What to Expect When Your Puppy Comes Home
As a breeder, I firmly believe in litter box training my puppies. I start them at 3 weeks of age.
Litter box training is also called “Misty Method”. Misty Method was developed by breeder Bev Dorma from MistyTrails Havanese/Mastiffs. The theory is based of dogs in the wild. Most training should be based on wild dogs. That way you are working with natural instincts and not against. As is the case with kennel training. The litter box training goes hand in hand with the kennel training.
In the wild, dogs typically live in caves. The reason? Protection. Laying down in the open is not natural as it leaves them open to attack by predators, or competing packs, and they then are not safe to peacefully rest. This is especially true of canine mother’s. They seek out covered places to birth their puppies.

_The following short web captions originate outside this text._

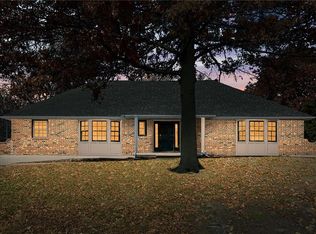 12816 Overhill Rd, Grandview, MO 64030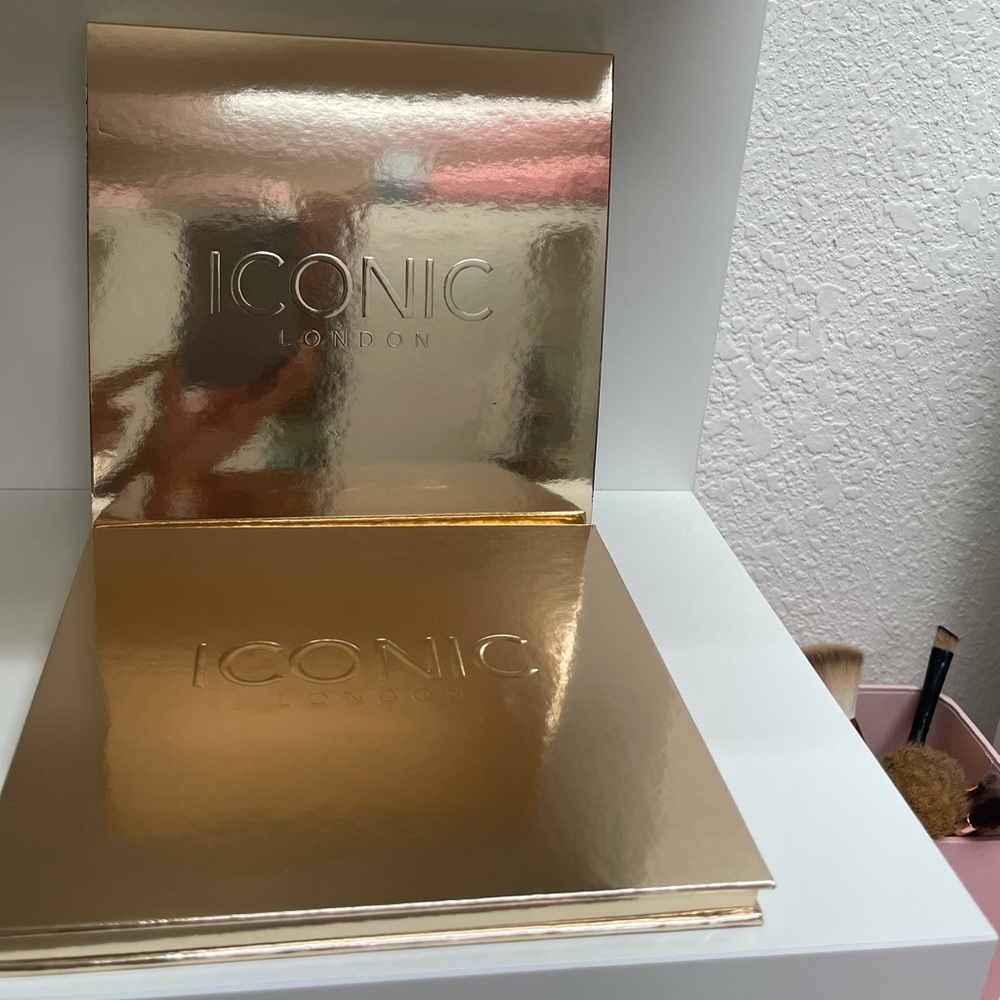 Eyeshadow palette (new)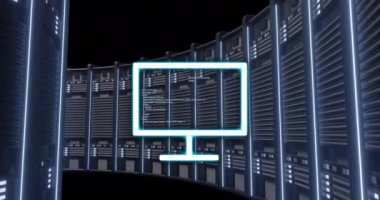 Veri merkezindeki sunucu raflarının üzerinde kod animasyonu olan bilgisayar monitörü. Teknoloji, kodlama, programlama, sunucular, ağ, siber güvenlik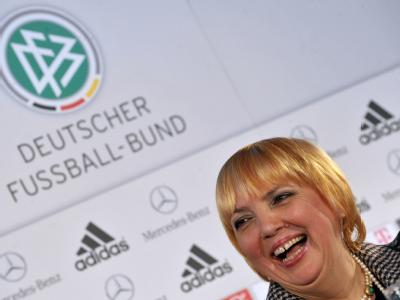 Fußballfreundin Claudia Roth: Die Grünen-Vorsitzende verpasste die Meldegesetz-Abstimmung, weil sie lieber Fußball schaute. Foto: Carmen Jaspersen/Archiv Fußballfreundin Roth
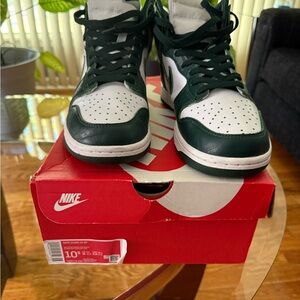 Nike Dunk High in Dark Green and White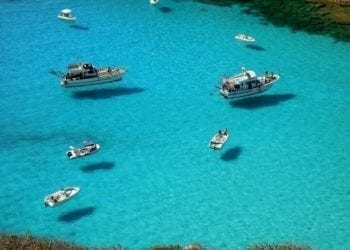 Affonda barca a Lampedusa, ma stavolta sono turisti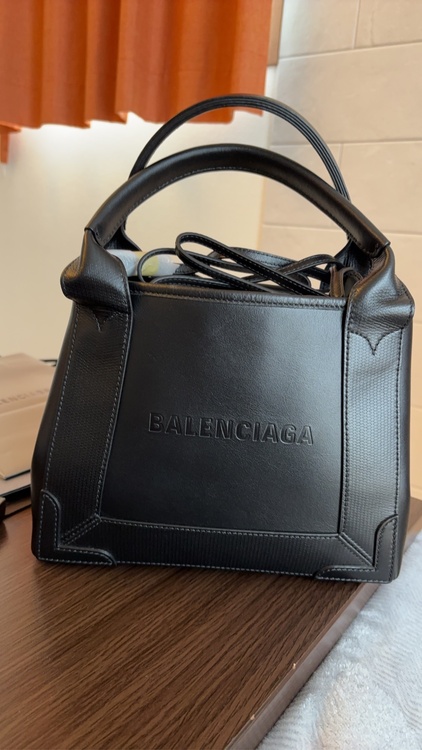 バレンシアガ  （ブランドバッグ）の商品画像 - 査定依頼日：2025年12月27日 - 最高査定価格：74,000円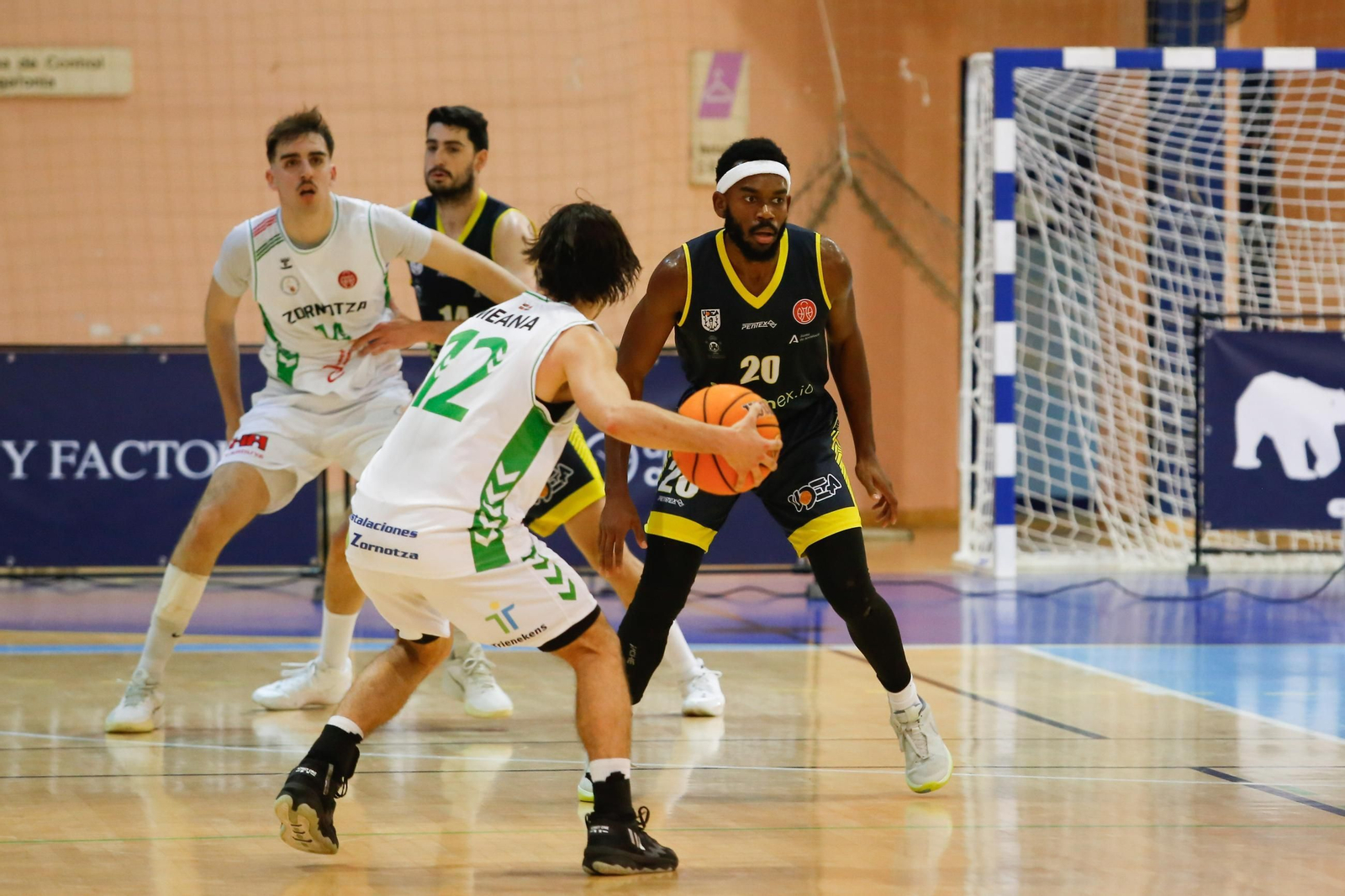 Las fotos del Udea-Zornotza de la Segunda FEB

That is why you will see our whelping area covered by a dark blanket or sheet and against a wall. This allows mom to feel safe birthing her babies without fear of attack.
In the whelping area, whether at home or in the wild, the den is kept clean. Mom cleans the puppies every time they eliminate. It is not natural for dogs to eat, sleep, and play in the same area where they use the potty.
At 3 weeks, puppies are able to get around enough that the concept is not completely lost on them. As a breeder, I assist with making sure the blankets are always clean. At 3 weeks, they are certainly not 100% potty trained so there are messes. Especially urine. Mom cleans the solids easily however, the liquids are obviously not as easy. Between the Mother and the breeder, the concept of cleanliness is doubled down on, if the breeder is cleaning the blankets (which I hope they are!).
If we can grab a solid, we will put it in the potty area to “scent” it, just reaffirming, “this is potty”.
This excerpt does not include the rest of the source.